# Why Use Distance Sensor Average

I understand that the distance sensor offset can vary by temperature, and the measurement variation depends on the distance, reflectance, angle to reflector, and ambient lighting, but what I don’t understand is why the average of 100 readings would vary from the average of the next 100 readings by much?

Or why is the error in the average of two sets of the average of 50 readings lower than the error in the average of a set of 100?

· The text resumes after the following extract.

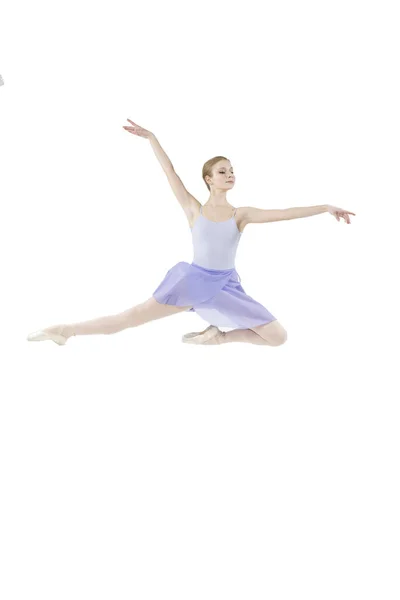 Ballet performs complex dance elements — Stock Photo, Image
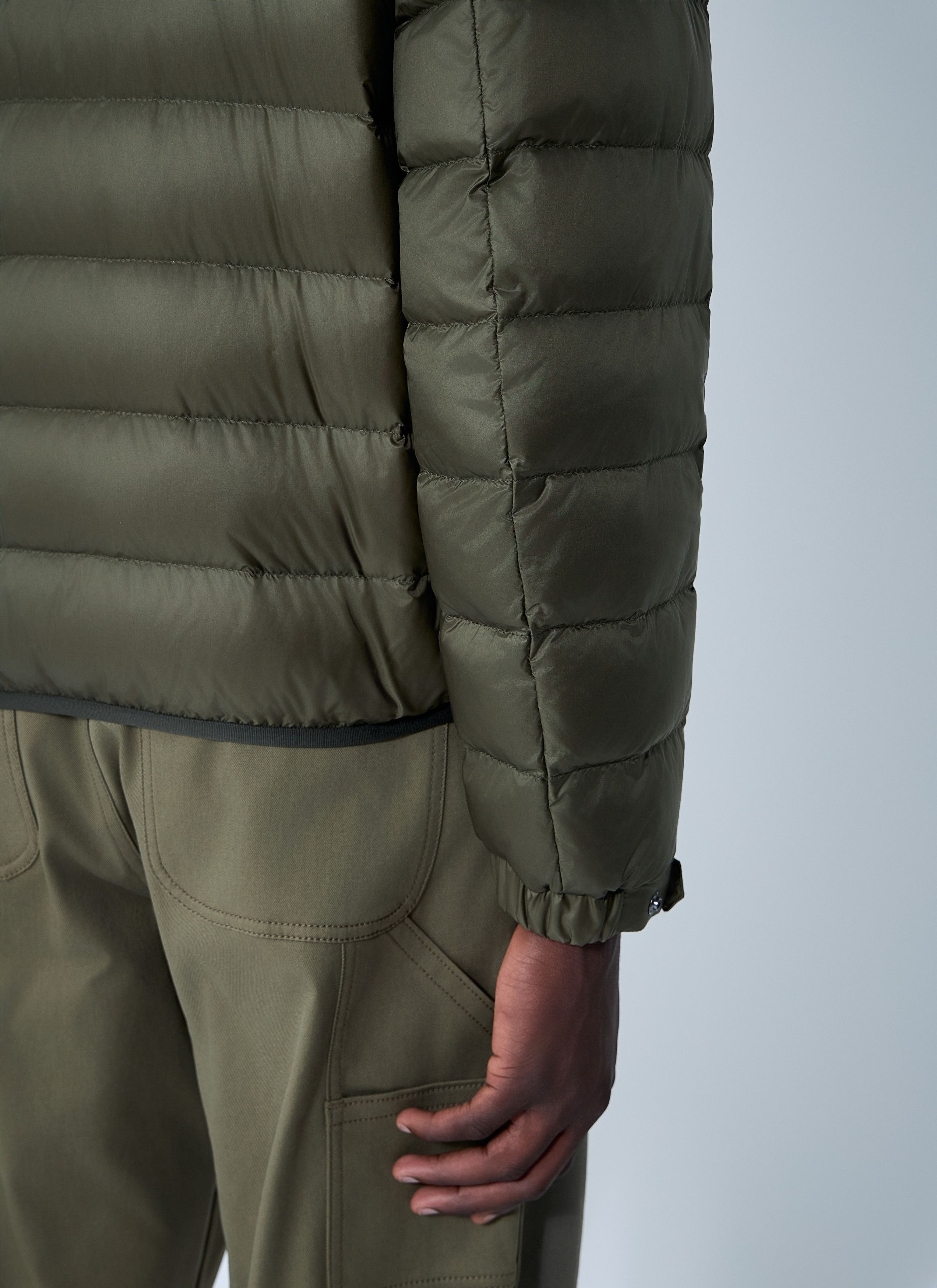 Moncler Najan Short Down Jacket Size US S / EU 44-46 / 1 - 6 Thumbnail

(Statistics was one of my toughest classes…)

For N=2

3:41:59
Adjusted For Error Average Distance: 764 mm

13:42:00
Adjusted For Error Average Distance: 746 mm

Average Average: 766 mm
Minimum Average: 757 mm
Maximum Average: 774 mm
Std Dev Average: 9 mm
Three SD averages vs ave reading: 3.4 %

For N=10

13:44:02
Adjusted For Error Average Distance: 754 mm

13:44:04
Adjusted For Error Average Distance: 759 mm

Average Average: 767 mm
Minimum Average: 764 mm
Maximum Average: 770 mm
Std Dev Average: 3 mm
Three SD averages vs ave reading: 1.1 %

For N=50

13:49:40
Adjusted For Error Average Distance: 758 mm

13:49:50
Adjusted For Error Average Distance: 759 mm

Average Average: 769 mm
Minimum Average: 769 mm
Maximum Average: 770 mm
Std Dev Average: 0 mm
Three SD averages vs ave reading: 0.2 %

For N=100

Start: 13:44:15
Adjusted For Error Average Distance: 758 mm

13:44:34
Adjusted For Error Average Distance: 760 mm

Average Average: 769 mm
Minimum Average: 769 mm
Maximum Average: 770 mm
Std Dev Average: 1 mm
Three SD averages vs ave reading: 0.3 %

Because the error in the average is typically +/- 3 * stddev(readings) / sqrt(n), versus the error in the READINGS which is +/- 3 * stddev(readings).

That is why to use an average. It will reduce the error by the sqrt of the number of readings.

So in the case of my distance sensor on my painted walls, which sports Single reading errors of 1.5% to 6%, taking 9 readings and using the average will (usually) reduce the error by the sqrt of 9, which is 3, to 0.5% to 2% or better.